RC41. Building a DNS Resolver in C, Part 3: Implementing a toy version of inet_pton()
Daily dispatches from my 12 weeks at the Recurse Center in Summer 2023
Last time on stumbling through building a DNS resolver in C, I messed around with the nifty function inet_pton()
, which takes IPv4 and IPv6 addresses and converts them from Presentation to Network format, which is to say from a human-friendly format like 31.13.70.36
to a machine-friendly 32-bit integer like 520963620
. Along the way we discovered the hazards of endian-ness and learned our lesson: never, ever don’t convert numbers from host-to-network byte order and back!
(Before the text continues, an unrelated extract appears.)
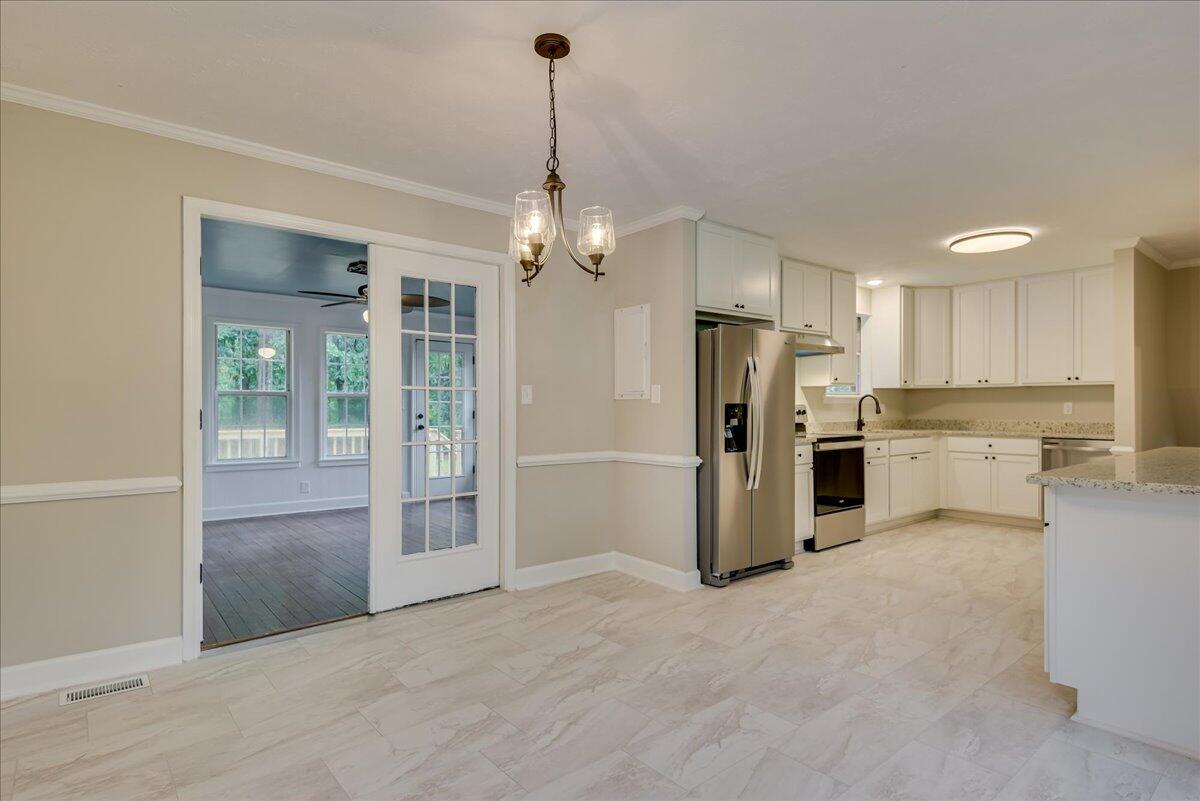 3522 MOUNT VERNON Drive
That goes for port numbers, too, by the way. Want to make a DNS query on port 53? Don’t forget to first convert it with htons(53)
! Otherwise, if you’re on an Intel machine, you’ll end up querying port 13563. Why? 53 in hex is 0x35, so you’d think a two-byte integer would render that value as 0x0035. And you’d be right if you’re thinking the way networks think! But Intel machines are eccentric and little-endian, and they would store that integer as 0x3500 (least significant byte first), which would be interpreted as 13563 by big-endian machines and networks. So, do your conversions, folks!
One of the things I did since then, in any case, is flesh out a toy version of inet_pton()
, which does the full conversion from an IPv4 address to a 32-bit integer in a REPL-style interface.
The little program isn’t that complicated, but, well, it’s in C, so the whole thing felt like a bunch of LeetCode problems. (That’s a compliment.)
Here’s the full code:
#include <stdio.h>
#include <stdint.h>
#include <stdlib.h>
int main()
{
char c, chunk[4];
int i, chunk_as_i, chunks_count;
uint32_t addr;
i = 0;
addr = 0;
chunks_count = 0;
while ((c = getchar()) != EOF)
{
/* convert chunk to int if we reach a `.` or `\n` */
if (c == '.' || c == '\n') {
chunk[i] = '\0'; // append null to chunk
addr <<= 8; // shift addr 8 bits left
chunk_as_i = atoi(chunk); // convert current chunk to int
if (chunk_as_i > 255) { // exit on invalid chunk
printf("Invalid IPv4 address component: %s\n", chunk);
return 1;
}
addr |= atoi(chunk); // add chunk to addr
// reset chunk
for (; i>0; --i) { chunk[i] = '\0'; }
// inc chunks_count
chunks_count++;
// output addr and reset on newline
if (c == '\n') {
if (chunks_count == 4) {
printf("%u\n", addr);
} else {
printf("Unexpected IPv4 address format ");
for (int j=1; j<chunks_count; ++j)
printf("x.");
printf("x\n");
return 1;
}
chunks_count = 0;
addr = 0;
}
/* else append char to chunk if numeric */
} else if (i < 3 && c >= '0' && c <= '9'){
chunk[i++] = c;
}
}
return 0;
}
There’s plenty of room for refactoring here, and probably error-detection and handling could be better, and, well, probably a lot could be better. But there are a few things that I think are especially neat that I’m psyched about.
The first is the decision not to read in an entire line at a time (i.e., up until a newline is detected), but to read in what I’m calling here a chunk at a time, meaning the parts of the IPv4 address between dots. So I’ve got chunk
, a little array of chars of length 4 (the extra space being for a newline character so that I can easily treat the variable like a string), and as I traverse the input stream, I add the numeric characters I encounter to consecutive indexes. When I encounter a dot or a newline character, though, it’s time to rock and roll.
If it’s a dot, then that means we have a chunk to deal with, which leads us to my second innovation (which actaully I borrowed from a helpful recurser who was perplexed by my previous decision to work with bitstrings representing this 32-bit integer): the bitwise approach, of course! We shift addr
, our output variable, 8 bits left and OR
it with the integer value of the current chunk (once we ensure that it’s a valid one-byte value, that is). Then we reset chunk
and our incrementer in one fell swoop, and continue along our input stream.
That just leaves the output. If we encounter a newline character, that means (in theory) that we’re finished and it’s time to print out addr
. Once we make sure that there are, indeed, 4 chunks as expected, then, yeah, let ‘er rip! Otherwise, something ain’t right. ABORT PROGRAM.
And that, ladies and gentlemen, is what reinventing the wheel, in a much worse and more brittle way, looks like.